★ Pass on Your First TRY ★ 100% Money Back Guarantee ★ Realistic Practice Exam Questions
Want to know features? Want to lear more about experience? Study . Gat a success with an absolute guarantee to pass Cloudera CCA-500 (Cloudera Certified Administrator for Apache Hadoop (CCAH)) test on your first attempt.
Check CCA-500 free dumps before getting the full version:
NEW QUESTION 1
You are planning a Hadoop cluster and considering implementing 10 Gigabit Ethernet as the network fabric. Which workloads benefit the most from faster network fabric?

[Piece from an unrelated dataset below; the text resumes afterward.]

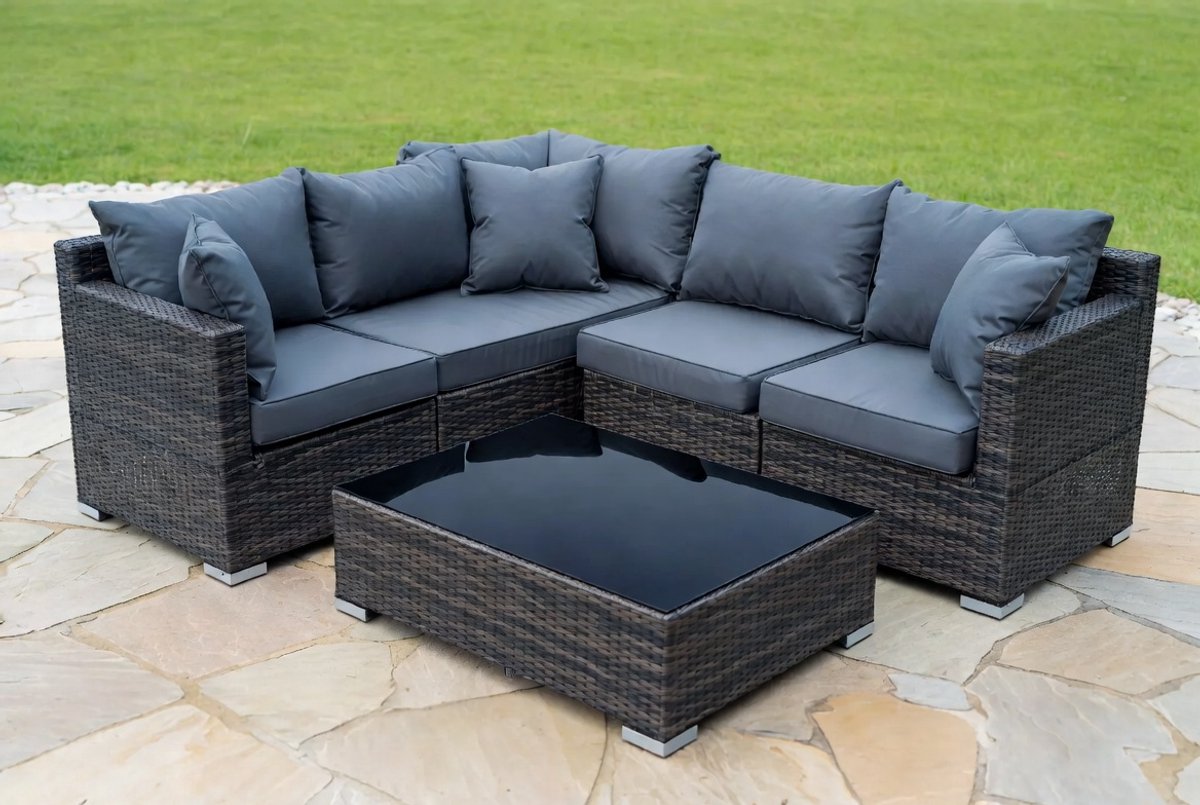 Luxe Modulaire 6-Delige Loungeset Tuinset - Zwart Polyrattan Hoekbank met Opbergbox, Glazen Salontafel, Waterdichte Kussens en Regenhoes - 200x200 cm Moderne Outdoor Lounge Set,Industrohome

- A. When your workload generates a large amount of output data, significantly larger than the amount of intermediate data
- B. When your workload consumes a large amount of input data, relative to the entire capacity if HDFS
- C. When your workload consists of processor-intensive tasks
- D. When your workload generates a large amount of intermediate data, on the order of the input data itself
NEW QUESTION 2
Which YARN daemon or service monitors a Controller’s per-application resource using (e.g., memory CPU)?
- A. ApplicationMaster
- B. NodeManager
- C. ApplicationManagerService
- D. ResourceManager
NEW QUESTION 3
Which process instantiates user code, and executes map and reduce tasks on a cluster running MapReduce v2 (MRv2) on YARN?
- A. NodeManager
- B. ApplicationMaster
- C. TaskTracker
- D. JobTracker
- E. NameNode
- F. DataNode
- G. ResourceManager
NEW QUESTION 4
You want to node to only swap Hadoop daemon data from RAM to disk when absolutely necessary. What should you do?
- A. Delete the /dev/vmswap file on the node
- B. Delete the /etc/swap file on the node
- C. Set the ram.swap parameter to 0 in core-site.xml
- D. Set vm.swapfile file on the node
- E. Delete the /swapfile file on the node
NEW QUESTION 5
You want to understand more about how users browse your public website. For example, you want to know which pages they visit prior to placing an order. You have a server farm of 200 web servers hosting your website. Which is the most efficient process to gather these web server across logs into your Hadoop cluster analysis?
- A. Sample the web server logs web servers and copy them into HDFS using curl
- B. Ingest the server web logs into HDFS using Flume
- C. Channel these clickstreams into Hadoop using Hadoop Streaming
- D. Import all user clicks from your OLTP databases into Hadoop using Sqoop
- E. Write a MapReeeduce job with the web servers for mappers and the Hadoop cluster nodes for reducers
Explanation: Apache Flume is a service for streaming logs into Hadoop.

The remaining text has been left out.